# Questions on classes?



## Lexiie (Nov 14, 2011)

I've picked out four
English pleasure
Open english (walk trot)
Hunter hack- cross rails (18")
and MAYBE
Open trail
^maybe because I have no idea what that is

Can anyone give me details as to what a trail class is?


----------



## waresbear (Jun 18, 2011)

Is your trail class English? If it is, then I am sorry, I have never seen one before. If it's western, then it's a series of obstacles done at different gaits. Usually a trail course consists of a gate that has to be opened & closed, a bridge to cross, rails to sidepass over, a back through, poles to lope or jog over and many other inventive things. A pattern is posted before the class and you have to know it before you enter the trail course, doing an obstacle out of sequence can result in disqualification.


----------



## Lexiie (Nov 14, 2011)

Ohgoodness.
We'd be good with everything but the bridge.
Oh well
It's an open Jr/Sr English/Western trail class
(schooling show)
Thank you for the explanation


----------



## tlkng1 (Dec 14, 2011)

An open trail can be english or western as far as I know. Although, they could be using the word "open" to indicate no diferentiation between child, junior or adult.
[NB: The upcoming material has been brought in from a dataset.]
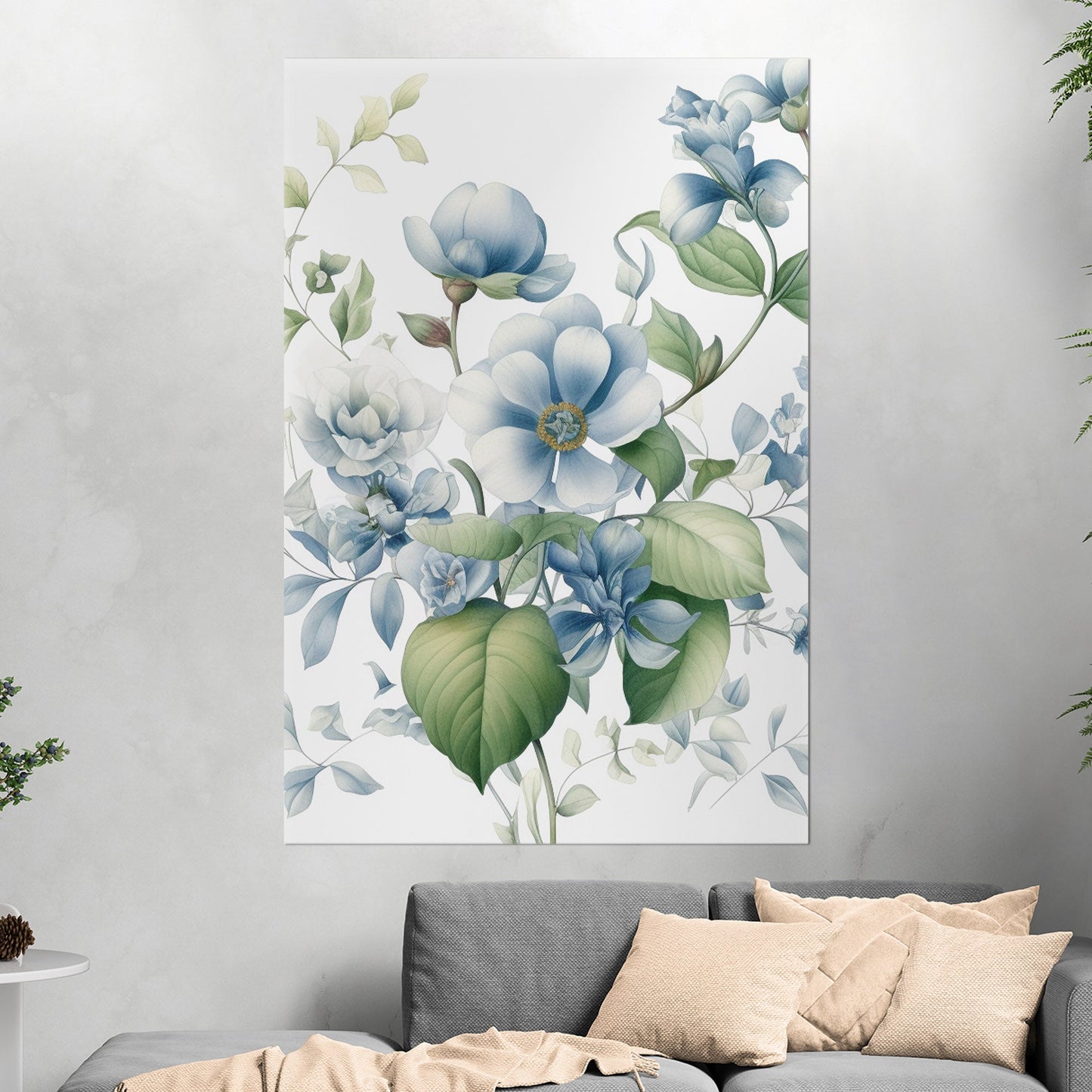 Vintage botanical watercolor - Sleepy Pastel Delight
In any case,t eh english version isn't much different then the Western version but it really depends on who puts the "course" together. In the english trail classes I have seen, gaits aren't set and the placings are based on time to complete the course rather than "skill" so riders can set their gaits based on their horse's ability. Other classes will judge on skill and levelheadedness (is that a word?  ) of the horse.

In other words , it can be anything but as wares indicated, trotting poles, maybe a small crossrail, walking over "things" like tarps or some such, weaving around cones, being required to pick something up in one location, carry it to another and place it again, making the horse stand for a certain period of time inside a box, possibly dismounting and remounting (though I notice this particular obstacle isn't done as often anymore) etc.

If your horse has a good head ( as in proverbial common sense  ) and isn't the spooky type, a trail class is a lot of fun.


----------



## Lexiie (Nov 14, 2011)

Maybe I'll do it just for fun.
I'm not aiming for 1st
I just want to have this experience with my horse


----------



## tlkng1 (Dec 14, 2011)

The very first horse I ever owned (32 years ago now) was nearly unbeatable in a trail class..he was very level headed and took anything new well in stride. I remember our very first trail class...one of the obstacles was a piece of plywood painted white with a black circle in the middle. We were the last in the class to go and the only english pair (open class both western and english allowed). Every horse in front of us refused to go over that board. My horse, the little devil, put one foot on the board, dropped his head, sniffed at the circle, picked up his head again and calmly walked over it. 

That particular horse was a Morgan/Welsh cross.


----------



## themacpack (Jul 16, 2009)

I'd say give it a whirl....you just might have fun.


----------



## Lexiie (Nov 14, 2011)

It'll be my "fun class"
Since I won't be doing gyhmkanna


----------